_Problem requirements_
Before returning the data, strip out the pictures and keep everything else exactly the same.

_Data segment_
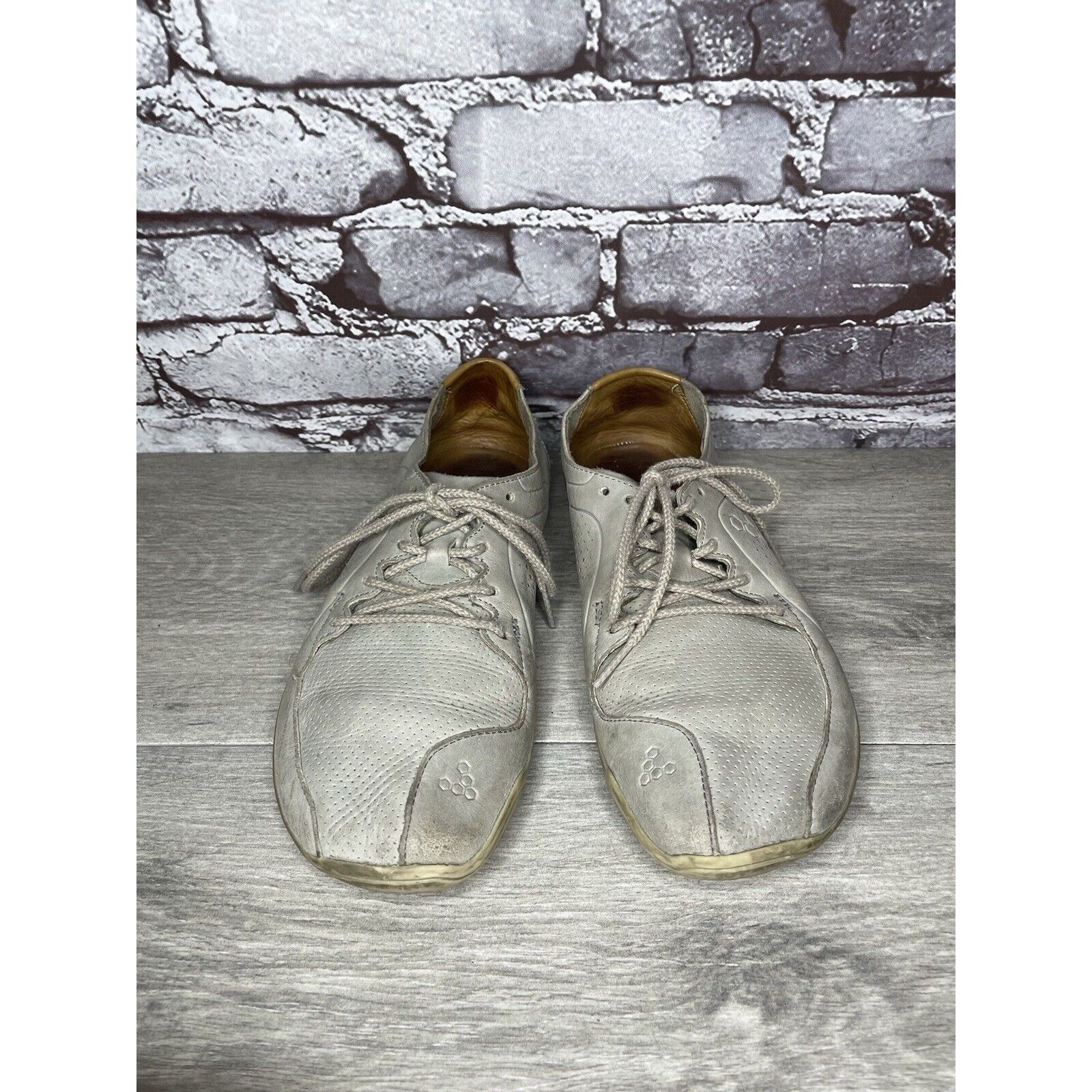 Other Vivobarefoot Primus Lux Gray Leather Lace Athletic Shoes Wom Size US 10 / IT 40 - 13 Thumbnail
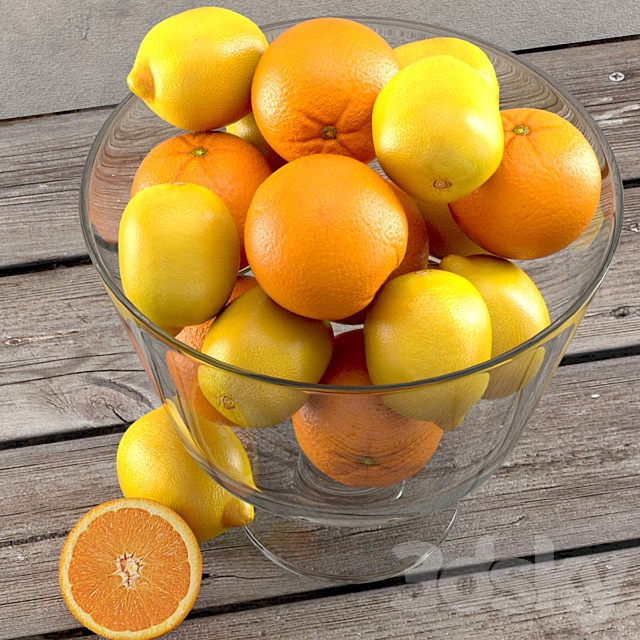 lemons and oranges 3DSMax File - thumbnail 2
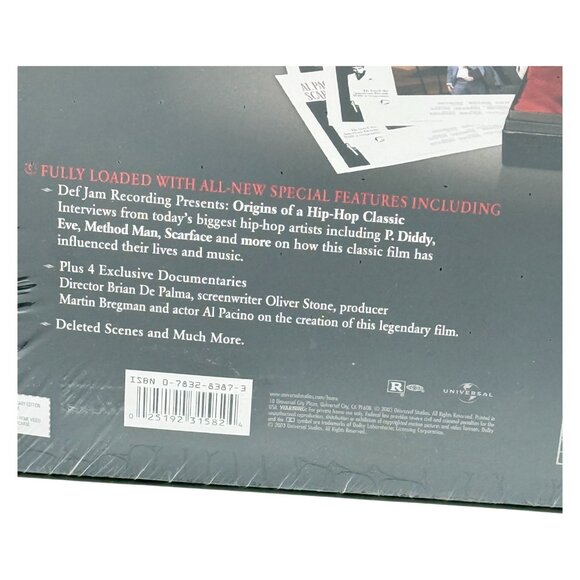 Scarface DVD Anniversary Boxset New Sealed inclu Lobby Cards Money Clip Plus NEW - Picture 4 of 8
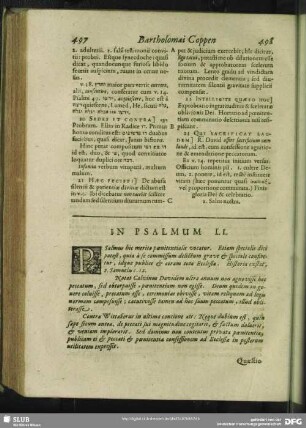In Psalmum LI. Psalmus LI.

_Answer to this exercise_
 Other Vivobarefoot Primus Lux Gray Leather Lace Athletic Shoes Wom Size US 10 / IT 40 - 13 Thumbnail
 lemons and oranges 3DSMax File - thumbnail 2
 Scarface DVD Anniversary Boxset New Sealed inclu Lobby Cards Money Clip Plus NEW - Picture 4 of 8
In Psalmum LI. Psalmus LI.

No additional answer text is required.